Imagine paying extra for Uber Comfort and a Prius rocks up.. are you serious?


----------



## Seamus (Jun 21, 2018)

rukey said:


> Imagine paying extra for Uber Comfort and a Prius rocks up.. are you serious?


Refund!


----------



## SHalester (Aug 25, 2019)

yes, if your prius is precious it qualifies as select AND comfort. and if it is black, it qualifies for BLACK too. 

Think also qualifies as XL. Because it is precious. 🤷‍♂️


----------



## Gone_in_60_seconds (Jan 21, 2018)

crackedrider said:


> does it?


*NO. 

Check with your Greenlight hub. Your Camry is too old. Comfort requires larger and newer vehicle.

   *


----------



## Taxi2Uber (Jul 21, 2017)

rukey said:


> Imagine paying extra for Uber Comfort and a Prius rocks up.. are you serious?

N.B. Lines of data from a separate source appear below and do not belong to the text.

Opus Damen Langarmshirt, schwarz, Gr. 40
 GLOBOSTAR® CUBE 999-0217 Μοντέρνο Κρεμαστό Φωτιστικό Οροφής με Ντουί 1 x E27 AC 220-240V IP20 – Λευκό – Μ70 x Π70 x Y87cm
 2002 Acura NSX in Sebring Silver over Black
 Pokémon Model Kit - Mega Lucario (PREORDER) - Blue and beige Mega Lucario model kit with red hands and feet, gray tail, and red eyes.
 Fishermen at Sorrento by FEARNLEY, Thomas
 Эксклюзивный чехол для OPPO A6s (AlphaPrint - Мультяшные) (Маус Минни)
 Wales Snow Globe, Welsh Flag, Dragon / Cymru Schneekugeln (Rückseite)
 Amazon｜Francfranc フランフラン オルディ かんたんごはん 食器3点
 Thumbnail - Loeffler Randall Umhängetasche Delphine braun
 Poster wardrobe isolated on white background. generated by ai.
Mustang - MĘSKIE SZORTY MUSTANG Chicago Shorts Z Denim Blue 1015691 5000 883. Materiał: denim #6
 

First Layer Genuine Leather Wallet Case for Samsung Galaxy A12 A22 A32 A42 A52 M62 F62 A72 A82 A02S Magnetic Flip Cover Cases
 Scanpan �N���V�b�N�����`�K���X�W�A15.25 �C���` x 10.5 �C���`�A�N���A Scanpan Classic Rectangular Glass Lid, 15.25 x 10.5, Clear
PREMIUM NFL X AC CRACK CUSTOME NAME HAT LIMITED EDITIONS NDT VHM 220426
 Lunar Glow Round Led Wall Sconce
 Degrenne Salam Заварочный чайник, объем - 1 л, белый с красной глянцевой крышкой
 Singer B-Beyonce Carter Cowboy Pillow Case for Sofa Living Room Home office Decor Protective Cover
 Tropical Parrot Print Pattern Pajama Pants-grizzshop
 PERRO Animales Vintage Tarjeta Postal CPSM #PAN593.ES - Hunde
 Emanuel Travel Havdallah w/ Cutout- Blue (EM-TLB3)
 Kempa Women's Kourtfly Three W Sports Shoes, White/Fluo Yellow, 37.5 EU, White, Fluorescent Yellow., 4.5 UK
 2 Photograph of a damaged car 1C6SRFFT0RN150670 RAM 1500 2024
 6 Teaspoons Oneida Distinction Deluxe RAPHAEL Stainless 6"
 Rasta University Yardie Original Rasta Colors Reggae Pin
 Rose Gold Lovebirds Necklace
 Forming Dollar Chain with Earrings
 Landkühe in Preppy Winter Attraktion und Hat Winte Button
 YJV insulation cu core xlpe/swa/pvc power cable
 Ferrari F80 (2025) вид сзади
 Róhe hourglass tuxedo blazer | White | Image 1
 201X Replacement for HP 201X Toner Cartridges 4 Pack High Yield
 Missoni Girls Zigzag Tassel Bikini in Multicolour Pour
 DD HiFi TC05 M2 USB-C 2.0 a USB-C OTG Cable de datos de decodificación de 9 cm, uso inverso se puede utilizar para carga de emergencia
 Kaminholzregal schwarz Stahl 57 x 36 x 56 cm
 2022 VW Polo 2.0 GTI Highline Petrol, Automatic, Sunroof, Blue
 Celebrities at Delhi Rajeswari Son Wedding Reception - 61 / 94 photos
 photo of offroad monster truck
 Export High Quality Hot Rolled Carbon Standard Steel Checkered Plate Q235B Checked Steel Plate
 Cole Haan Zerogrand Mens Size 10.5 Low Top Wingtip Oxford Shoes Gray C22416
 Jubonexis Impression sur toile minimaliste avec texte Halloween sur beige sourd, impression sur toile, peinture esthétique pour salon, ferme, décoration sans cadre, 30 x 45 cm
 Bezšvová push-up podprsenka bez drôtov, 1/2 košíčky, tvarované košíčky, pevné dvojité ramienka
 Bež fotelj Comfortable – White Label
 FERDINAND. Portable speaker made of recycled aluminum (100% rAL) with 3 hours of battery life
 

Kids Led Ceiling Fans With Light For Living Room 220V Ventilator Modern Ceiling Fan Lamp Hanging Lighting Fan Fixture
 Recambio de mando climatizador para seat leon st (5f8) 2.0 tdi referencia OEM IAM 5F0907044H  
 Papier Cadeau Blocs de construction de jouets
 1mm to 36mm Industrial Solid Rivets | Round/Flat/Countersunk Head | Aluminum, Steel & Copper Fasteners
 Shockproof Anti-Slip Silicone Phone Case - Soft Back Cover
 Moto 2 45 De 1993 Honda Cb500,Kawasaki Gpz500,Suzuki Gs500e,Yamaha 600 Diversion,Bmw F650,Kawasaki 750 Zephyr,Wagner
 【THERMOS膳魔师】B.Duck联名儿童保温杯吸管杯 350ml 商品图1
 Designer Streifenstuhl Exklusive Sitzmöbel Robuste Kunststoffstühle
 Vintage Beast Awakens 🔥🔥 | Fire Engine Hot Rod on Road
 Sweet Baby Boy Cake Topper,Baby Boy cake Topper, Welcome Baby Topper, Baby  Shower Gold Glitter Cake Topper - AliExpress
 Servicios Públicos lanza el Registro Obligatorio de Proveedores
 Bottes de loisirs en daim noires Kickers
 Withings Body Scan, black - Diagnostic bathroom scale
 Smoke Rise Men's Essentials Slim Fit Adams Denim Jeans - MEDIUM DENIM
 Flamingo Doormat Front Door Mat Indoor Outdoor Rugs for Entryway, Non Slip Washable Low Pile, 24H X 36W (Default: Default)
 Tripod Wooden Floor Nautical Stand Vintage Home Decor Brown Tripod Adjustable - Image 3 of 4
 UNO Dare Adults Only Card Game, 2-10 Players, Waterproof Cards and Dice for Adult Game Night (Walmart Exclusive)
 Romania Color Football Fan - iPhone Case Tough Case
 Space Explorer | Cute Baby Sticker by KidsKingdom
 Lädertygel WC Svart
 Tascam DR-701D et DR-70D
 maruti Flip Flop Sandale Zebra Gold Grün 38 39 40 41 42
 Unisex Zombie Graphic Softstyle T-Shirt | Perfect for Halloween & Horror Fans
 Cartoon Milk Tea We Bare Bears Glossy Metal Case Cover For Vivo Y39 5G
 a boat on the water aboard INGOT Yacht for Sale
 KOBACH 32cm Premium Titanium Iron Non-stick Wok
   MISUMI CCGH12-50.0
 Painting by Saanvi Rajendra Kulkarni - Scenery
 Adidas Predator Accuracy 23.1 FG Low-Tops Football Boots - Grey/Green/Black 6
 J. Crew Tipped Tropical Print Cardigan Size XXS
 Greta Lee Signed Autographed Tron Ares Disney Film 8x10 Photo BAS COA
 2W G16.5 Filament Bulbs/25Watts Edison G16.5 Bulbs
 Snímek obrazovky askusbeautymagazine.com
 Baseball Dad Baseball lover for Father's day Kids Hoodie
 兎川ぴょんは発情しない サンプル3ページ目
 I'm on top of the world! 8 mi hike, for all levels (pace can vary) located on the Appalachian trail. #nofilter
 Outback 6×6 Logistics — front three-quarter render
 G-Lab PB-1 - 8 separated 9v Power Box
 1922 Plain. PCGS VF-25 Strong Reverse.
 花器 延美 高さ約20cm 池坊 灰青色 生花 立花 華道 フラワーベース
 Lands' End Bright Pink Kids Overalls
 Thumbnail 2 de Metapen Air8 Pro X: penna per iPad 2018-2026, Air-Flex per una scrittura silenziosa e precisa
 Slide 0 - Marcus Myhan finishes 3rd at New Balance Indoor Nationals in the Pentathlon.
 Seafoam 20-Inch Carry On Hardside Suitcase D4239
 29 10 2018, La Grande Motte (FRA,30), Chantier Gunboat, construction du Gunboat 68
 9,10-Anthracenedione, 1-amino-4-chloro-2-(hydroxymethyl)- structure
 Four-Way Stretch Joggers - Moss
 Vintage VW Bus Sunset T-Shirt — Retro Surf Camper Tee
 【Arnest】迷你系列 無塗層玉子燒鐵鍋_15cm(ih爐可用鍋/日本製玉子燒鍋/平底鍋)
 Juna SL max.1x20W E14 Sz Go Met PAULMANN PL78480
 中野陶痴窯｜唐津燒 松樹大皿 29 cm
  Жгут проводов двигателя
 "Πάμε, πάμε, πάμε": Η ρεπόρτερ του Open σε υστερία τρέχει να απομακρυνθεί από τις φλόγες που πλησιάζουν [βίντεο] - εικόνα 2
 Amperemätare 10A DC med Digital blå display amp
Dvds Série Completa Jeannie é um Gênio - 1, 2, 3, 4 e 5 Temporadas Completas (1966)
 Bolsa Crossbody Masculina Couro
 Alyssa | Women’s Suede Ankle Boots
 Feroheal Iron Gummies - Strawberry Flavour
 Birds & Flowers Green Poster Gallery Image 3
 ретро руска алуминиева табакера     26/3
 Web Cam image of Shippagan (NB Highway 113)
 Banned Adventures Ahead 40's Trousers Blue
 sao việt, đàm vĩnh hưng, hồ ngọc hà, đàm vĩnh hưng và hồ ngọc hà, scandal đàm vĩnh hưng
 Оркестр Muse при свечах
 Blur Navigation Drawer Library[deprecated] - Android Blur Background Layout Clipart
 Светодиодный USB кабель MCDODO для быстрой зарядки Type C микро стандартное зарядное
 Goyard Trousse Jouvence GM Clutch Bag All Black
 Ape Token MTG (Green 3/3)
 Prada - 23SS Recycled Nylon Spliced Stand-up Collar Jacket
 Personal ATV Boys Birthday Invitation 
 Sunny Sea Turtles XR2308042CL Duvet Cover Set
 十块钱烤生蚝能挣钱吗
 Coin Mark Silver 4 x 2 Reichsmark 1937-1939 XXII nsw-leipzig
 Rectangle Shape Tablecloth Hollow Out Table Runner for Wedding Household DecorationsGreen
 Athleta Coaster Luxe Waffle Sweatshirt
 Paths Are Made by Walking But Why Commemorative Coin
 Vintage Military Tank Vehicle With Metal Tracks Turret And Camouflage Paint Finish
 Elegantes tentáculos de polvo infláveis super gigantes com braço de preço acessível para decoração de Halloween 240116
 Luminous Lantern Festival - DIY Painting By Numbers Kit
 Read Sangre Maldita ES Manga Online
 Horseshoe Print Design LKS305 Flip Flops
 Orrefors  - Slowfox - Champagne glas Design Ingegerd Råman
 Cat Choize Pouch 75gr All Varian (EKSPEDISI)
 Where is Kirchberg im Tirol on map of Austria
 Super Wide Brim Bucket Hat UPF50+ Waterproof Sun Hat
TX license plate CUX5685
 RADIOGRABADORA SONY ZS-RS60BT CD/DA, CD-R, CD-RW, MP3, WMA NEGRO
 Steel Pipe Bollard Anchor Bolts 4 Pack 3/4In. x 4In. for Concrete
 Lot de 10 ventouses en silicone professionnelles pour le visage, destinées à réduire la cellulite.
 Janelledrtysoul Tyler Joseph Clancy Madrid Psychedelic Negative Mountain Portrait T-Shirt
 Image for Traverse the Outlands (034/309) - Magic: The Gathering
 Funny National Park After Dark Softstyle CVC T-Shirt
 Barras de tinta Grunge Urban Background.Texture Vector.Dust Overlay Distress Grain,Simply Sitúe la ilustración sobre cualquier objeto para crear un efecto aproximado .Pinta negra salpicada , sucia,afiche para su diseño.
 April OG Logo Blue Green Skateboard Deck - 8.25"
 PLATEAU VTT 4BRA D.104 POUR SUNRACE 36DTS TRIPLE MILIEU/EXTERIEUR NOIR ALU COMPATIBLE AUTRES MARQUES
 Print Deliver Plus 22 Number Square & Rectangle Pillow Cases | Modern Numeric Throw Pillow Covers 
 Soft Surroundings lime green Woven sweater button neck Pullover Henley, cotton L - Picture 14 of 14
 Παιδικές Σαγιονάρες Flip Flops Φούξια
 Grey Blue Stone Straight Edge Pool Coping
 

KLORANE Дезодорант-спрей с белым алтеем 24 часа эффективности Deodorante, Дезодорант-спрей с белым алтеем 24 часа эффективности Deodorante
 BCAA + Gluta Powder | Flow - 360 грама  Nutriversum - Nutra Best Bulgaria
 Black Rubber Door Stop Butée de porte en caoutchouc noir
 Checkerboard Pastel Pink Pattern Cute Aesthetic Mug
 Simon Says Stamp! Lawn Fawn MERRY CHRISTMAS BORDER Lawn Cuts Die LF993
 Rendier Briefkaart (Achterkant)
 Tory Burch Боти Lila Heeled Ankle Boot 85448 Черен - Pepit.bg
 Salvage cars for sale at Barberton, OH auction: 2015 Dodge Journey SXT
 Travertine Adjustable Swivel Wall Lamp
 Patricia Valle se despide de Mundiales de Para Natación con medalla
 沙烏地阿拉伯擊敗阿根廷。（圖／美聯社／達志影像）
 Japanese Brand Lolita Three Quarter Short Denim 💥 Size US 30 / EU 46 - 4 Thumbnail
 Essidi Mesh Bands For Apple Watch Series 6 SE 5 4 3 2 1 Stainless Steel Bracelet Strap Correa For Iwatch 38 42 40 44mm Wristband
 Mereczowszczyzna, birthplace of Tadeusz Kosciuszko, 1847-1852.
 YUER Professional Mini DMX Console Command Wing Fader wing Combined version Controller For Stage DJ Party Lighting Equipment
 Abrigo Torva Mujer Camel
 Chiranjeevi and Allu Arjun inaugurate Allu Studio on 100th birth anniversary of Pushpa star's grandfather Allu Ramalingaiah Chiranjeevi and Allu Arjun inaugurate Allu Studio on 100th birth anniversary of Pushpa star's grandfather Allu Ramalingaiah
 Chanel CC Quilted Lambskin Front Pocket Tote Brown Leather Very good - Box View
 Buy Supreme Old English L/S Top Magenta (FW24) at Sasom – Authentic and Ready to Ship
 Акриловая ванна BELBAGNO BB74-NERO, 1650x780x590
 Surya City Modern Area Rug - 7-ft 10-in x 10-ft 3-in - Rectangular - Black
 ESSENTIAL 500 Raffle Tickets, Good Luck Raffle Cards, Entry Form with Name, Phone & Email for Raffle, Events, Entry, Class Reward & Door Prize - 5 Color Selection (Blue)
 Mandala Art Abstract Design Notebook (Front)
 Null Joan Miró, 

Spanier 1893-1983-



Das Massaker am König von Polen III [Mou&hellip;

Imagine rockin' a $50,000+ car and picking up glorified X riders.


----------



## Amos69 (May 17, 2019)

Gone_in_60_seconds said:


> *NO.
> 
> Check with your Greenlight hub. Your Camry is too old. Comfort requires larger and newer vehicle.
> 
> *


^^^^^^^^^^^^^^^^^^^^^^^^^^^^^^^^^^^^^^^^^^^^^^^^^^^^^^^^^^^^^^^^^^^^^^^^^^^^^^^^^^^^^^^^^^^^^^^^^^^^^^^^^^^^^^^^^^^^^^^^^^^^^^^^^^^^^^^^^^^^^^^^^^^^^^^


WHAT HE SAID.


----------